Miami Marlins | R.I.P.
Needs: starting pitching, center field
Money to spend? Oh yeah… with the team preparing to move into a new stadium, owner Jeffrey Loria is expected to make a splash in free agency and could raise payroll to the $100 million range. South Florida will be a favorite of baseball agents in the offseason who will use the Marlins as leverage -- they may even be more popular than the "mystery team" of the past off seasons. The Marlins will be rumored as a possible landing point for nearly every big free agent. The question is, which ones -- if any -- will actually take their talents to South Beach.

New York Mets | R.I.P.
Needs: starting pitching, closer, relief pitching, middle infield
Money to spend? There are plenty of questions about the Mets ownership group, so nobody outside GM Sandy Alderson really knows what's going on and how much money he has to play with. It doesn't look like the team will go crazy in trying to re-sign Jose Reyes. The team will instead hope to improve its bullpen and rotation.

More Free Agency
Position rankings

Philadelphia Phillies | R.I.P.
Needs: shortstop, corner outfielder, closer, relief pitching, first base
Money to spend? It seems like they always find it when they need it, so there's no real concern about the budget. Even with Roy Oswalt likely to leave Philadelphia, there are few worries about the team's rotation. The bullpen, however, will need to be addressed. Ryan Madson may be re-signed and used as the closer, but the Phillies need middle-innings guys, as well. Left field is still an issue and the team could look to upgrade there, but will also need to address first base while Ryan Howard recovers from his Achilles injury. John Mayberry Jr. can play first, but moving him there creates a spot in the outfield.

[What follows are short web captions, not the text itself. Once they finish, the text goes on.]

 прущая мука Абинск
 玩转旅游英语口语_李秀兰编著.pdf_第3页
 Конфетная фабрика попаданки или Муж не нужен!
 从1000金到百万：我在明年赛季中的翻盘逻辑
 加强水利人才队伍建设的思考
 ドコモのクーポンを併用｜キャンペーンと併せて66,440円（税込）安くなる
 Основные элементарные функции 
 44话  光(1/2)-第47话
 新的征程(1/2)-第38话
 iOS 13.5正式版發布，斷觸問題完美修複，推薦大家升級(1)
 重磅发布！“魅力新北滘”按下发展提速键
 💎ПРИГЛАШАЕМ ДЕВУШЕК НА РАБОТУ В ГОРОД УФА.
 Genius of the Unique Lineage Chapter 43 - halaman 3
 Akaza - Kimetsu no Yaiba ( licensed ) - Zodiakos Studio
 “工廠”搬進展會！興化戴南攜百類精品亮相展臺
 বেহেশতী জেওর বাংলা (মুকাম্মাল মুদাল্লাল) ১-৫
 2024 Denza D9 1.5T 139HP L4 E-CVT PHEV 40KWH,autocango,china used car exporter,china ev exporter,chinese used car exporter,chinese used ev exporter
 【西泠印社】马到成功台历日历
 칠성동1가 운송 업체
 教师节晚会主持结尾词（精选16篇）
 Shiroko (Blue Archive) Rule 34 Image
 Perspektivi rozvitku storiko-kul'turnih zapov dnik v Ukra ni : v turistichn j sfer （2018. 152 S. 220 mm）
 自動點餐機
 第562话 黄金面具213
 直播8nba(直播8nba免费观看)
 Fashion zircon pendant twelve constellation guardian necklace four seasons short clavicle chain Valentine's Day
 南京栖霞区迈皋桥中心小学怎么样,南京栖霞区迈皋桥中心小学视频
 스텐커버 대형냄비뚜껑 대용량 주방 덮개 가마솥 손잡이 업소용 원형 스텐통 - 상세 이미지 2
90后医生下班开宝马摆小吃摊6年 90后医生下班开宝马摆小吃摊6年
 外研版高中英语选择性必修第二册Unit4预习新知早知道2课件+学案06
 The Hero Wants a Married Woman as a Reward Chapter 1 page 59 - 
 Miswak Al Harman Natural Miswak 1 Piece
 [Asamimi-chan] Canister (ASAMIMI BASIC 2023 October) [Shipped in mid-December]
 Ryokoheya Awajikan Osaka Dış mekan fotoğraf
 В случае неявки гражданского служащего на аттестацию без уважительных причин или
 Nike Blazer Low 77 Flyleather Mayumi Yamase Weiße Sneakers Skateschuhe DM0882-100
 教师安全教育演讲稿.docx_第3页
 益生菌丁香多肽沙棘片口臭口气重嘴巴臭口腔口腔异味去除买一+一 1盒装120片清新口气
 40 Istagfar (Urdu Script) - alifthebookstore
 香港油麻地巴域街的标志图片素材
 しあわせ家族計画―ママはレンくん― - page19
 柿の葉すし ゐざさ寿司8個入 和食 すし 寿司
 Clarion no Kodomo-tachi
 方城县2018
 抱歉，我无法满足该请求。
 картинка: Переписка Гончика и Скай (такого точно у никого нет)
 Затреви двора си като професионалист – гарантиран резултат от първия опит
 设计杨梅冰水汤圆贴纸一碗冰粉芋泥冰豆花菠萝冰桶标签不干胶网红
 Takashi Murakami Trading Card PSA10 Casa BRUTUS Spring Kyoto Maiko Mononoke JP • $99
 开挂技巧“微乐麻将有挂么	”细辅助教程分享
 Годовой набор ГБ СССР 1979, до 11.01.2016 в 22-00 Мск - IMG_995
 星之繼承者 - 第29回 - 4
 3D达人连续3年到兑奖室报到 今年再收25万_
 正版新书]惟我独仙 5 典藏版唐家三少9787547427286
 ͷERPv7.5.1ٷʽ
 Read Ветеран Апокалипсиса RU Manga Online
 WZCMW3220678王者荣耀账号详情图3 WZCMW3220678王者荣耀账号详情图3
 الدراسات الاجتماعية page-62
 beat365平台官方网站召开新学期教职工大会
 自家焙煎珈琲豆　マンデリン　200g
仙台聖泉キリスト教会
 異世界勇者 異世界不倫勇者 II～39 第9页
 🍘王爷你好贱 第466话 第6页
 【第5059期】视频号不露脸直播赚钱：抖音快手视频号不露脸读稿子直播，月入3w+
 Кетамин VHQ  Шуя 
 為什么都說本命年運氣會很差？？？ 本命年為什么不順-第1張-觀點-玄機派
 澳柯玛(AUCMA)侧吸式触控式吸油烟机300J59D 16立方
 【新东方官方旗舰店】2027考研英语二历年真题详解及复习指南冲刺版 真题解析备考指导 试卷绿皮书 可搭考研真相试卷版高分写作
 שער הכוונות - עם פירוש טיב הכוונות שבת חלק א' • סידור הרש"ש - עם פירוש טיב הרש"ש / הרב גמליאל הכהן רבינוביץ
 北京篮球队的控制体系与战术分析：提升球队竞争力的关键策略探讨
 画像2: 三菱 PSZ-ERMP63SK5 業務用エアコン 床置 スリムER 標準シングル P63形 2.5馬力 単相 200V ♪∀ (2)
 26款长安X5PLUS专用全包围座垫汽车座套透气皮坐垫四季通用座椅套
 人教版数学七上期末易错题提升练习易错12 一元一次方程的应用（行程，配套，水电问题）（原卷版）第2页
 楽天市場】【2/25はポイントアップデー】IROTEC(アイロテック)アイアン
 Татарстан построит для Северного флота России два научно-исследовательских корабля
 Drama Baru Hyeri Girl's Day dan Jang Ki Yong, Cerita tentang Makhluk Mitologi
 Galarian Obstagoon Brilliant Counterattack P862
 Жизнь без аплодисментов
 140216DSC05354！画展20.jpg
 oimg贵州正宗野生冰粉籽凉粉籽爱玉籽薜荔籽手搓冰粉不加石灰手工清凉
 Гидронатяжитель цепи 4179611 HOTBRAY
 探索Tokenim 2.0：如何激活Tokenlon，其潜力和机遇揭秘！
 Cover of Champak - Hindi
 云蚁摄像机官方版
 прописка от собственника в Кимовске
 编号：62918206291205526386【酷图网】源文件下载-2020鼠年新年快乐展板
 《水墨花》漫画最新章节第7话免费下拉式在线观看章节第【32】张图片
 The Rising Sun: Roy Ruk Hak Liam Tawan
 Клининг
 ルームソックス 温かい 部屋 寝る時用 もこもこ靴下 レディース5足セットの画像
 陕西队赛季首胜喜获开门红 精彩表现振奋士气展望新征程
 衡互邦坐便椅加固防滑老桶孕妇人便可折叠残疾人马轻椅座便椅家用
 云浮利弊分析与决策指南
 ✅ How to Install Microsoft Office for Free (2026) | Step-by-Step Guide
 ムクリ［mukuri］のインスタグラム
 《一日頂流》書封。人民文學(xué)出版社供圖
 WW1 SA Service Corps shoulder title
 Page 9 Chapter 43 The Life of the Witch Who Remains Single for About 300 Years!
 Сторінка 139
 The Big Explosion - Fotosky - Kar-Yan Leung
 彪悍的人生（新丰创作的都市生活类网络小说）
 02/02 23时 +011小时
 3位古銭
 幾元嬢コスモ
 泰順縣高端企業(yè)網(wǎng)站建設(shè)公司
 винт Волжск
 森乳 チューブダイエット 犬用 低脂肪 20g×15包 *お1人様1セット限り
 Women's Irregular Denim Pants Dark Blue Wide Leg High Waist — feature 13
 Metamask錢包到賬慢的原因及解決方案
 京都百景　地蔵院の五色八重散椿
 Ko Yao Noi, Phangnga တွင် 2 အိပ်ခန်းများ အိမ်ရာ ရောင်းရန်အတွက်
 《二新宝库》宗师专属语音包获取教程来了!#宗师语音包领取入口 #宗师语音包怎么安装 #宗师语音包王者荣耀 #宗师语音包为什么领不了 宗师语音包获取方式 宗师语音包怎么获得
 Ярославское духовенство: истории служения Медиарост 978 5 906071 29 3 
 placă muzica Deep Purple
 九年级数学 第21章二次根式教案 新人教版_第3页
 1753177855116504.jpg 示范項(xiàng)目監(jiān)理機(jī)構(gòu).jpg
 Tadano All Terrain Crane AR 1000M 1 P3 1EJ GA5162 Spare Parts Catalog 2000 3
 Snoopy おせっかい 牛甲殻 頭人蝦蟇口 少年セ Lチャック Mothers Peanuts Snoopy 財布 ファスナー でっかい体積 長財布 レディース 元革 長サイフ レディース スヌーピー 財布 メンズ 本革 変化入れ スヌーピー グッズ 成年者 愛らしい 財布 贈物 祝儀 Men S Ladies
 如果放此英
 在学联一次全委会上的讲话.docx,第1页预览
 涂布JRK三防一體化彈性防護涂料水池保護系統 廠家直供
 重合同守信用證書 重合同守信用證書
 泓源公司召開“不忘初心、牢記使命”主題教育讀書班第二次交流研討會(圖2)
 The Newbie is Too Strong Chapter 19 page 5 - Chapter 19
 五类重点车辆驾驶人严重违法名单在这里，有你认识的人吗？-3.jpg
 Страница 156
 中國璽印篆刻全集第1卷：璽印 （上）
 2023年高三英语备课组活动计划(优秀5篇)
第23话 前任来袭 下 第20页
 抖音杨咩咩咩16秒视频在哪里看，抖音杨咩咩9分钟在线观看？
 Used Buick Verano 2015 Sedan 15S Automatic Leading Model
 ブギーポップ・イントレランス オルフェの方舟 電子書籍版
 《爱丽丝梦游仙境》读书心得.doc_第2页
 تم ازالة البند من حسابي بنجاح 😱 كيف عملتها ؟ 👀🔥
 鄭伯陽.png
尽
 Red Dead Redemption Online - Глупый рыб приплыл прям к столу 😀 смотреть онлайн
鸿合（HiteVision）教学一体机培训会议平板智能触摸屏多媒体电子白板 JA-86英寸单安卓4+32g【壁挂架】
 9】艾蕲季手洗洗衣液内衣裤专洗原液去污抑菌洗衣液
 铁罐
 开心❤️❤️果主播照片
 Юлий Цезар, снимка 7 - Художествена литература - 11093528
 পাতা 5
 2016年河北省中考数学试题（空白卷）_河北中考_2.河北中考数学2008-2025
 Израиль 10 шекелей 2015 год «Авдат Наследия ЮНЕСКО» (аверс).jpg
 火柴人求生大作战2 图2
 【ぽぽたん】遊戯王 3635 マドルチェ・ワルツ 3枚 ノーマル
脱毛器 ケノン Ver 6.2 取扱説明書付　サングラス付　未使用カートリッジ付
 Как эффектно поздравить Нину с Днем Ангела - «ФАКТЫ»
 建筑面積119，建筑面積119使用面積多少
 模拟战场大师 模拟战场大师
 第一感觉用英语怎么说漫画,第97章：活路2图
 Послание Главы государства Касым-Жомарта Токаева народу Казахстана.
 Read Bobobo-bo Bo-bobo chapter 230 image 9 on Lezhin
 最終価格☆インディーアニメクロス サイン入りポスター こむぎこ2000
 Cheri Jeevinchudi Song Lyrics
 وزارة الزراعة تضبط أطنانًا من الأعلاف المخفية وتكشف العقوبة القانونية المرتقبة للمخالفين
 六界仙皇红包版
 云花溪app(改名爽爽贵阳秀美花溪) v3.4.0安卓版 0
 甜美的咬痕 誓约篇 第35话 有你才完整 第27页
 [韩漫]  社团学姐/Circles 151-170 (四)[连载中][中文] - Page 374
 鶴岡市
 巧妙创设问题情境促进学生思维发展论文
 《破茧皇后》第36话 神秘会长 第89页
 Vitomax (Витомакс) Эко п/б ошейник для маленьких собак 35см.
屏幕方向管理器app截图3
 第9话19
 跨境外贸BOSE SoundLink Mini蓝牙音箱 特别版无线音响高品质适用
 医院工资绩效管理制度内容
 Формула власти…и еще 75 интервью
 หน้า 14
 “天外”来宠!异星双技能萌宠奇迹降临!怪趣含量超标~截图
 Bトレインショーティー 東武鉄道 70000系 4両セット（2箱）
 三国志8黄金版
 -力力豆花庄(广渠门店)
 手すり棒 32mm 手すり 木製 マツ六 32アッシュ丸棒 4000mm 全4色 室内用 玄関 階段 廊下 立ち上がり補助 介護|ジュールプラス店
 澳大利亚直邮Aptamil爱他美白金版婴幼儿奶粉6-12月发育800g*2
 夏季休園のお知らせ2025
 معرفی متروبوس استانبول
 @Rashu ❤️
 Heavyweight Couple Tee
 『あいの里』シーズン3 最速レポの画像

Washington Nationals | R.I.P.
Needs: center field, starting pitching, relief pitching
Money to spend? Oh yeah. Like the Marlins, the Nationals have money to spend and unlike the Marlins, they have shown a willingness to actually use it. Last year the team overspent on Jayson Werth, something that certainly caught the eyes of free-agents-to-be. Several top names will certainly be courted by the Nationals, including Albert Pujols, Prince Fielder and C.J. Wilson. The Nationals really can't be counted out on anyone.

Central
Chicago Cubs | R.I.P.
Needs: first base, third base, closer, relief pitching, right field
Money to spend? The Ricketts opened the pocketbooks for their general manager, so it's unlikely they'll close 'em for players. Epstein says he wants to build a team from the bottom up, but that takes time and there will be pressure to win right away, and free agency will be part of that. Expect the Cubs to at least talk to the likes of Pujols and Fielder, even if they don't sign them. With Epstein in the fold, it'll certainly be interesting to see what route the Cubs take.

Cincinnati Reds | R.I.P.
Needs: closer, relief pitcher, corner outfielder, shortstop
Money to spend? Not much. It looks like the team will stand pat in the rotation, but after not picking up the option on Francisco Cordero, Cincinnati will need someone to finish out games. Last year Walt Jocketty stayed quiet during the offseason, but this winter that may not happen. However, the team is more likely to use the trade market than spend big in free agency.

Houston Astros | R.I.P.
Needs: shortstop, relief pitching
Money to spend? The Astros are in full-on rebuilding mode, as evidenced by their July fire sale. There's also the holdup of the sale of the team and the possible switch to the American League. If Jim Crane is approved by MLB, he may want to find his own general manager. The Astros won't be much of a player in the free agent market, looking for low-priced.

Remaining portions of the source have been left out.